Bad is 57, broke and just about broken-down. Years of living on the road have taken their toll. He's seen too many bars, drunk too many drinks, and even married too many women. Single again, he is a legend whose star has waned. From playing packed out stadiums, he now plays bowling alleys and two-bit bars to crowds you could count on two hands.
Driving his trusty Chevy Surburban between gigs, he plays with unknown bands and "enjoys" one-night stands with aged groupies. He is living off the fame of his one great song, the one he sings every night and can't forget. This one has him by the hairs and won't let him go. On the other hand, he can't write any new songs, so he lives in the past.

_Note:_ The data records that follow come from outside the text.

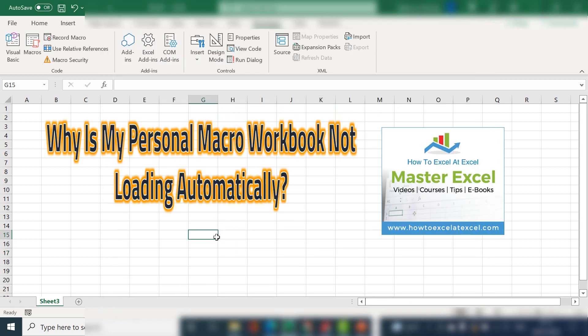So that's it. Today we've covered my top three reasons why your personal macro workbook was not loading automatically. Number one: check if the workbook is read-only. Number two: has the workbook been disabled? And number three: do you have any trust issues with the directory that the personal macro workbook is saved in? I hope you enjoyed this Excel tip. If you did, please give the video a thumbs up, subscribe, and hit the notification bell — it really does help the channel. I'll see you next time for more Excel videos.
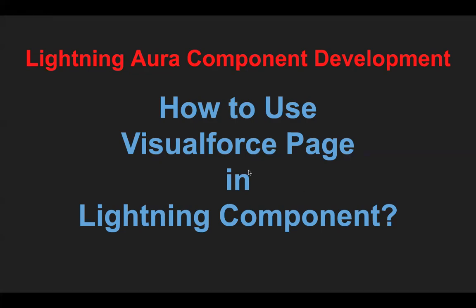Hello, everyone. In this module, I'm going to demonstrate how to use Visualforce Pages and Lightning component.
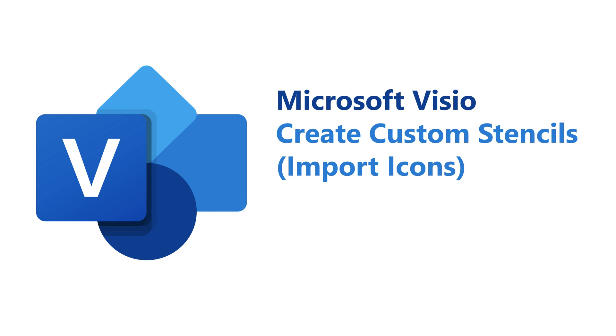Sometimes you may need to create custom stencils in Microsoft Visio as you are trying to import icons that have been created by somebody else or you're trying to organize your own drawing and create stencils from your own drawings.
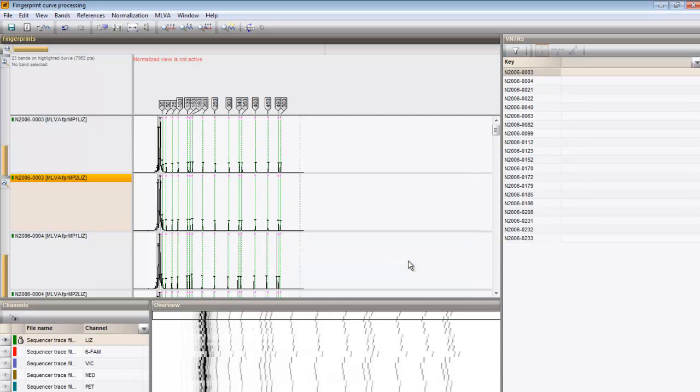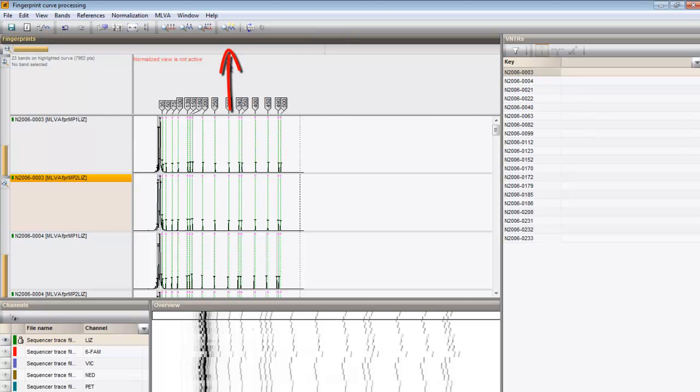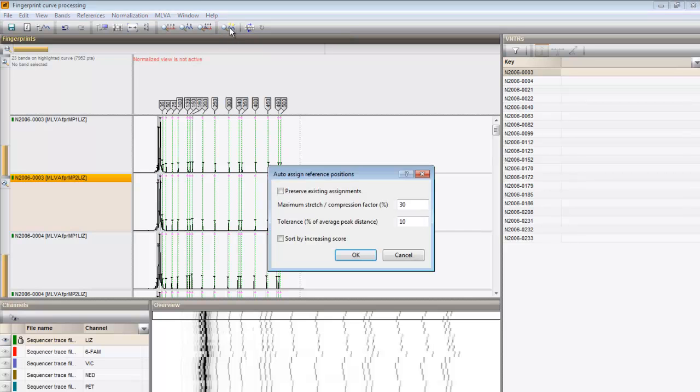To normalize a complete run at once, press Auto-assign reference positions, All lanes. I leave the settings unaltered and I press OK.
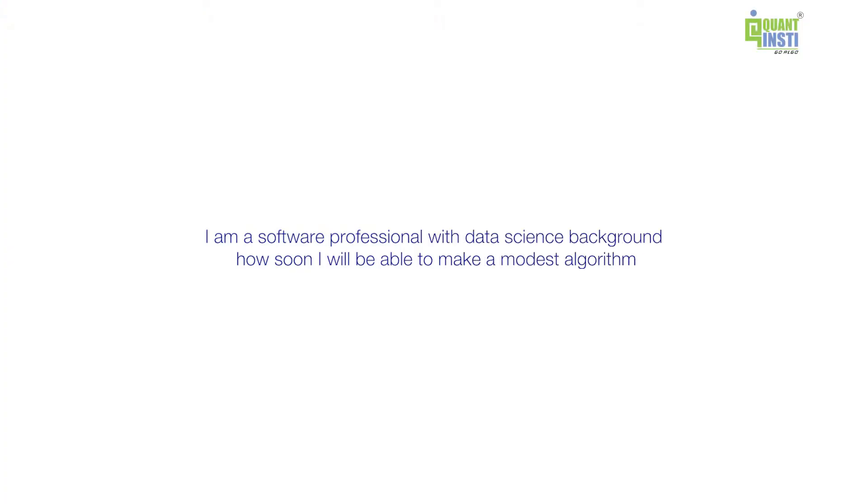I am a software professional with data science background. How soon will I be able to make a modest algorithm? I think that's a pretty strong background from the algorithm point of view because you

How often are we like this, living off our one great success? We score a huge deal, write a great song, author a memorable book, and that is it. When we are defined by our past success we limit our future; it becomes a dead-end street. We begin to be like Bad, driving miles and miles to arrive at nowhere we haven't been before, going through the motions of living. Life is more than this. In sports they say you are only as good as your next game. You may have just won the superbowl or the BCS, but if you cannot go out and perform anew the next time you are destined for the slagheap of dusty memories. As followers of Jesus, we live in the present with an eye to the future. Our past cannot define us. We live imperfectly until Jesus has molded us into his image (Rom. 8:29). And that work of transformation will not be complete until we reach glory (Rom. 8:30). So, we must live for the future, abiding in Jesus in the present.
Despite the good things that start to happen, Bad remains at heart self-destructive. He can convince others that he is changing, but the real Bad is unchanged. He has not followed his doctor's advice and has only empty platitudes for Jean and Buddy. He must hit rock bottom before he can find any redemption or salvation. And it takes one action of his to make this happen and to change his relationships with everyone he cares about.